Devon band’s quality is on the slide: blame Ronson… and their lack of ideas
Idea for a TV series: When Good Bands Go Bad. It’s got it all! Power, sex, intrigue and bright-eyed sensitive types gazing into the abyss and realising that hey, nice guys finish last. Put a moderately successful British indie band at one end of a field, a big pile of cash at the other and watch them trip over themselves to surrender their integrity on the way to get it, crying and compromising along the way. First up for Episode One are [a]The Rumble Strips[/a].
It turns out that branding, a rigidly defined and unique selling point and blanket advertising can’t make you anything you’re not: like any good. ‘Welcome To The Walk Alone’ may have the skeletal blueprint of pop genius running through it like words in a stick of rock but it verges on insulting. Mark Ronson production, chirpy post-pop guitars, luvvy-duvvy-wuvvy heart-on-sleeve lyrics about pwetty girls… and yes, you can guarantee there’ll be bloody trumpets.

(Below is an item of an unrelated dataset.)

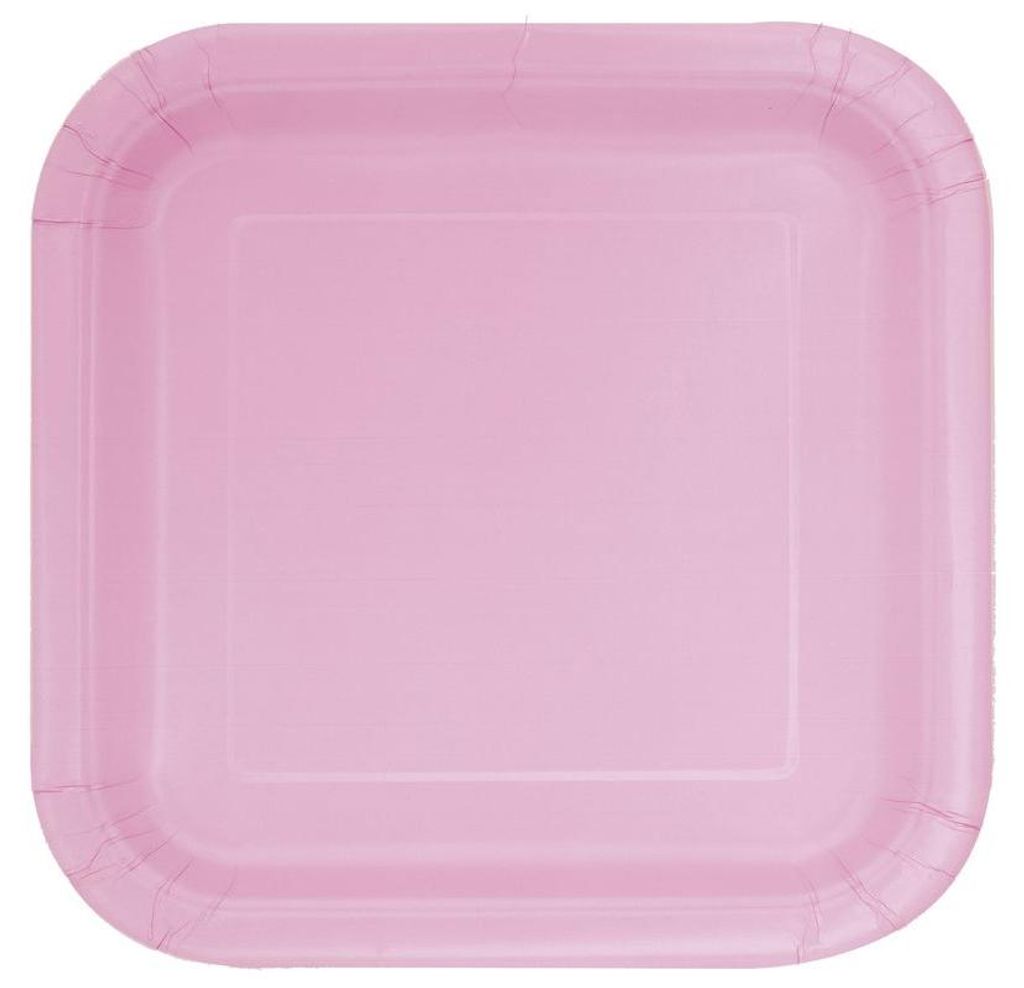 14 eckige Teller rosa Produktbild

On lead single ‘Not The Only Person’ they’re obviously shooting for Orange Juice’s ‘Blue Boy’ with the euphoric melody and yelping vocals, but the textbook string section is hollow and, in its most faux-earnest moments, Charlie Waller’s voice verges on the vomit-inducing. We can’t help pining for the vibrant and enthused band that took the NME Tour by storm and wondering when making it all so slick that personality bounces straight off became so damn important.
Some people love this kind of animatronic metamorphosis, but only the kind of people who went to Glastonbury this year because Grazia rated it five phwoars out of five on the manometer. This is obviously good news for the music industry: upper-middle-class Big Brother rejects tend to have a lot of expendable income because they only buy cocaine and live with their parents. Squeezing yourself into the already-bulging mould of Razorlight, The Kooks et al is still more likely to guarantee you a low status main stage billing than actually sounding good, and so creativity takes a back seat.

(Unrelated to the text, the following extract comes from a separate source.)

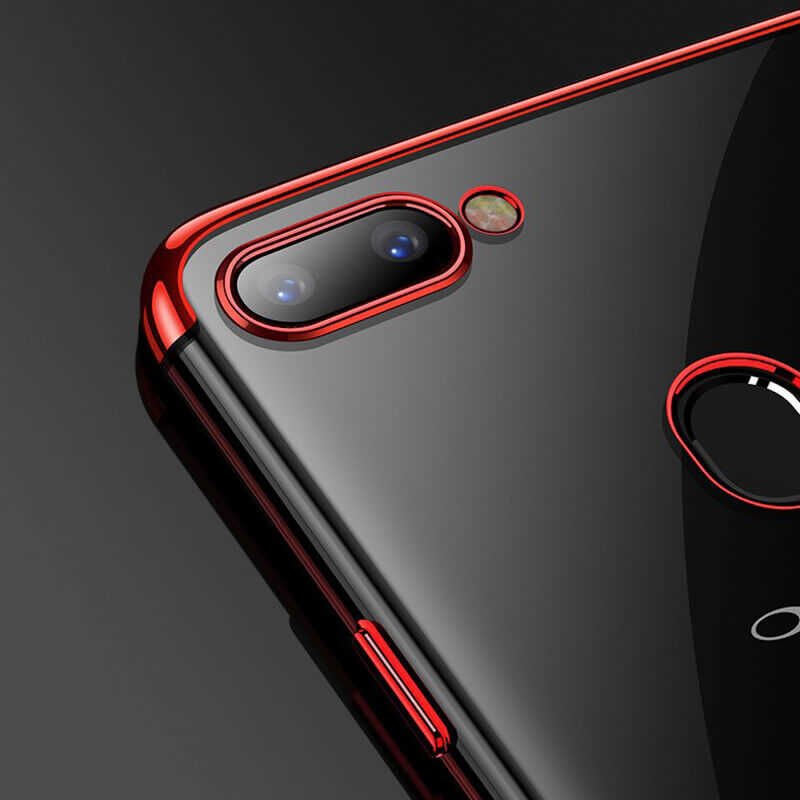 Oppo AX7 Kılıf Dört Köşe Renkli Lazer Şeffaf Silikon Kapak (GLİTTER) Gold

Luckily, ‘Mark Ronson-produced’ has already become synonymous with ‘garish and unlistenable’, so we’re
saved the inevitable crushing disappointment when The Next Big Thing turns out to be just another
indie-by-numbers, stadium-filling, over-produced, shamelessly derivative, five-man, smug-faced shit factory. We like to imagine the recording process involved Ronson beating them with sticks and screaming, “Be more epic!” This album is the solitary cockroach scuttling around in the post-apocalyptic nuclear wasteground of British music circa-2001. Pick any song on the album you like; ‘London’ (The Young Knives did it better), any other song (The Futureheads did it better). It’s shameful. Well presented and immaculately recorded, but still shit sub-Maccabees schlock.
And the pilfering doesn’t end there: this album will be massive, but that’s no excuse for not picking apart the underlying laziness that makes its advert-friendly wipe-clean Stepford Wives-rock so hard to stomach. Opening track ‘Welcome To The Walk Alone’ sounds like The Killers after their second lobotomy while both ‘Raindrops’ and ‘Daniel’, like much of the album, cherry-pick from The Last Shadow Puppets without recognising that it’s not just a matter of gunning through it like Justin Lee Collins doing a big band sketch on The Sunday Night Project.

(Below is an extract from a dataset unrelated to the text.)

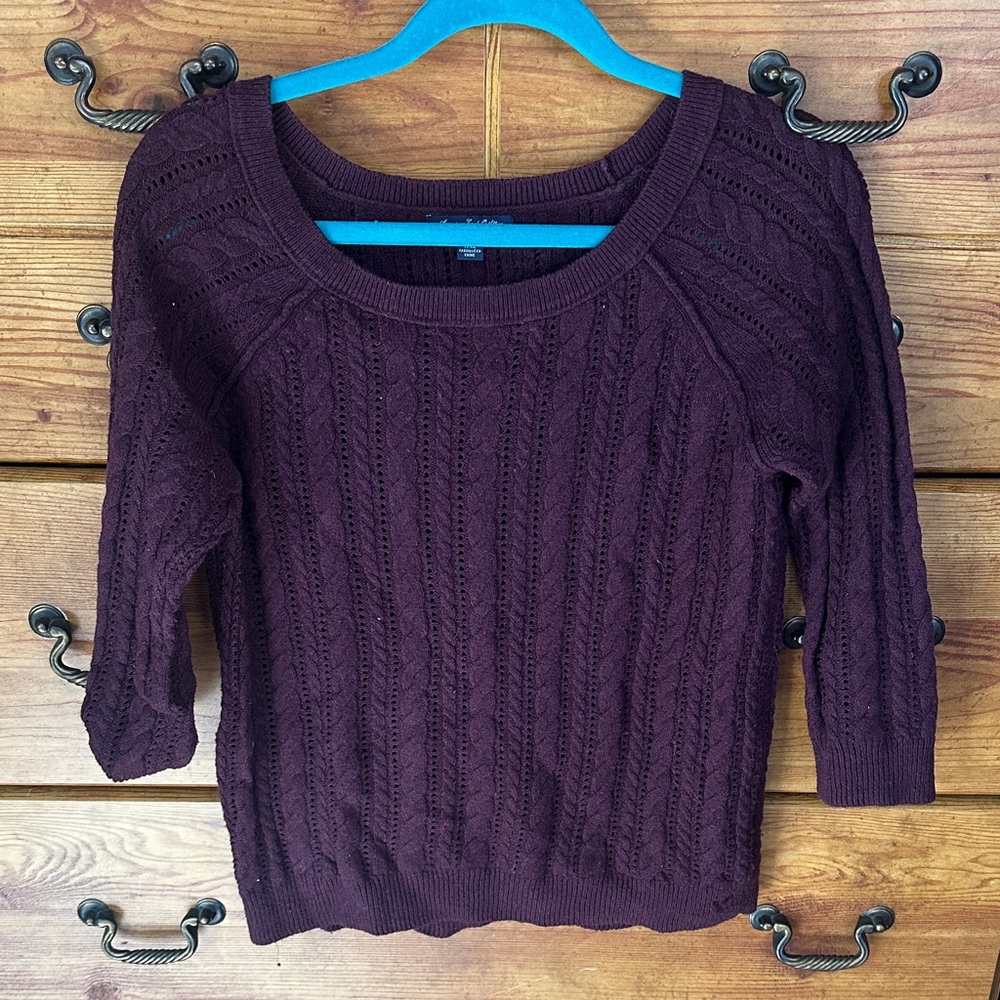 Cable Knit Sweater - Deep Purple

Then there’s the filler and, dear God, there’s a lot of filler. We barely remember what ‘Sweet Heart Hooligan’ sounds like because it keeps getting mixed up in our head with the music from the Müller Rice advert, but then you know what they say about small mercies.
Oh well, they look pretty old – this was probably their last shot at making a go of doing ‘something they love’ so maybe selling their soul to Satan was fair enough, something we like to call ‘Wombats Syndrome’. Hopefully, it’s deadly.